Ao todo, são cumpridas 15 ordens judiciais, sendo quatro mandados de prisão preventiva e 11 mandados de busca e apreensão domiciliar nas cidades de Pontes e Lacerda e Várzea Grande. As ordens foram expedidas pelo Núcleo de Justiça 4.0 do Juízo de Garantias do Polo de Cáceres. Além das medidas cautelares, a Justiça também determinou restrição de veículos e bloqueio de contas bancárias dos investigados no valor de até R$ 2,5 milhões.
Segundo as investigações, o esquema criminoso era dividido em dois núcleos. O primeiro atuava na identificação e monitoramento de depósitos de drogas pertencentes a uma facção criminosa na região de fronteira. Já o segundo núcleo saía da Capital até Pontes e Lacerda para executar os roubos dos entorpecentes e posteriormente transportar a droga para distribuição na região metropolitana.

Conforme a Polícia Civil, o policial militar investigado era o responsável por liderar as ações de subtração da droga. Após o roubo, ele também faria a separação dos entorpecentes para outra equipe da organização criminosa, encarregada da comercialização e distribuição na Baixada Cuiabana.
A descoberta do esquema ocorreu após a prisão de um dos envolvidos. Na ocasião, outros integrantes conseguiram fugir, porém foram identificados no decorrer das investigações. A Polícia Civil também apurou a existência de um esquema de lavagem de dinheiro ligado ao tráfico de drogas, envolvendo movimentações bancárias realizadas por familiares dos investigados, utilização de casas de apostas e empresas de fachada para ocultação e pulverização dos valores ilícitos.
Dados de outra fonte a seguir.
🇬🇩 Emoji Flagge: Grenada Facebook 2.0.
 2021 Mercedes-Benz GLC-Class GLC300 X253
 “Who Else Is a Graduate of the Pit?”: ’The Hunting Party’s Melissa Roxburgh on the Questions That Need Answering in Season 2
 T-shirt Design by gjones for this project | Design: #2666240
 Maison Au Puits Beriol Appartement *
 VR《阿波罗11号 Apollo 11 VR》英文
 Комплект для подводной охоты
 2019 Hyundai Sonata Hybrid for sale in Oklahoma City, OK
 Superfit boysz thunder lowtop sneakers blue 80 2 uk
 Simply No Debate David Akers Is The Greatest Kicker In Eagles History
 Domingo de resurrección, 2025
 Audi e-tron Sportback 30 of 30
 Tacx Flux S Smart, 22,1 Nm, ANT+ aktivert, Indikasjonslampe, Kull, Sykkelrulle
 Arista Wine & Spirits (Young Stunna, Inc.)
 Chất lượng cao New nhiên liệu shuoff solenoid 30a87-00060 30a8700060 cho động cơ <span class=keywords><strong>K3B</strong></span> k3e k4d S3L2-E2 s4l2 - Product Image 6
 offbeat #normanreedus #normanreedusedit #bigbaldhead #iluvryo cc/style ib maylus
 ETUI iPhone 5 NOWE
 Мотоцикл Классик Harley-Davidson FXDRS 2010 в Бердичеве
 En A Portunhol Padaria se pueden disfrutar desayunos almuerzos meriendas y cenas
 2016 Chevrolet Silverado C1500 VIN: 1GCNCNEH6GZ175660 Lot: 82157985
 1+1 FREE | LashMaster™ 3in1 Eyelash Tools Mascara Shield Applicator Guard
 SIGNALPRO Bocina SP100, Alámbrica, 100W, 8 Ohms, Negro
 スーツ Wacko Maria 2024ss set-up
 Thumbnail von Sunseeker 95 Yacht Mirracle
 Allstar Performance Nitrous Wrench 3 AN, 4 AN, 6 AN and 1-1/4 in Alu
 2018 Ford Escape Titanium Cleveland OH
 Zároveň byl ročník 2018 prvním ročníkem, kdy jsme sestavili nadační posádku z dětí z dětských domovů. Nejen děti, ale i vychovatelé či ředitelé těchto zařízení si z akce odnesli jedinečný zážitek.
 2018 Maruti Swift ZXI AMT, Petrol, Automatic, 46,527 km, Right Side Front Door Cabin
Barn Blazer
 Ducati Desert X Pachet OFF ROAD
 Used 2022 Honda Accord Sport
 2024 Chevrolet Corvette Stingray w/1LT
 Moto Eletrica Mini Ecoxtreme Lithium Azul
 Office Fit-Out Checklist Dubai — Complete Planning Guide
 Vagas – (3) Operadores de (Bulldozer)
Os mandados são cumpridos com apoio de equipes da Coordenadoria de Operações e Recursos Especiais (Core) e da Delegacia Especializada de Repressão a Narcóticos (Denarc).

O nome da operação faz referência à expressão em latim “Tu Quoque”, que significa “tu também” ou “até tu”, em alusão ao envolvimento de um agente das forças de segurança no esquema criminoso, representando quebra da confiança esperada de agentes públicos.
A Operação Tu Quoque integra o planejamento estratégico da Polícia Civil de Mato Grosso para 2026, dentro da Operação Pharus e do programa Tolerância Zero, criado pelo Governo do Estado para enfrentamento às facções criminosas. A ação também faz parte da sexta fase da Operação Narke, da Rede Nacional de Unidades Especializadas de Enfrentamento do Narcotráfico (Renarc), coordenada pelo Ministério da Justiça e Segurança Pública.